An efficient tomographic inversion method based on the stochastic approximation

Abstract

Near-surface solutions often play a significant role in imaging subsurface structures for land or shallow marine environments. Unfortunately, the standard approach to first-arrival traveltime tomography may involve the inversion of a large number of traveltime picks and require a considerable computational effort. We have improved the efficiency of traveltime tomography by adopting a method inspired by the field of stochastic optimization. First, we verify that traveltime tomography is solvable by two methods in the field of stochastic optimization: the sample average approximation (SAA) and the stochastic approximation (SA). In SAA, random subsets of the whole data are inverted via nonlinear optimization.
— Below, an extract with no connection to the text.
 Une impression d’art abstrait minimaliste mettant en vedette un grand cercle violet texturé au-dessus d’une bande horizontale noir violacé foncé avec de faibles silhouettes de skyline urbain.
The final result is the average of all the inverted models. SA is similar to the SAA method. However, in the SA method, new random data subsets are used in each iteration of the nonlinear iterative inversion. The final result is also the average of multiple inversions. We found that SA performs better than the SAA method for traveltime tomography. However, these two methods do not yield substantial improvements in computational turnaround time in comparison with the classic iterative tomographic inversion that uses all data. Therefore, we adopt one realization of the SA method, and we analyze its feasibility via synthetic tests. We call this technique fast SA tomography (FSAT). We design numerical tests to understand the amount of data reduction that one can tolerate before the solution degrades. We also carry out a detailed statistical analysis to understand the impact of FSAT on the solution of the near-surface imaging problem. We apply FSAT to 2D and 3D field data sets, and the results show that FSAT method only requires a small percentage of the total traveltimes to yield a result nearly identical to the model obtained by using all the picks.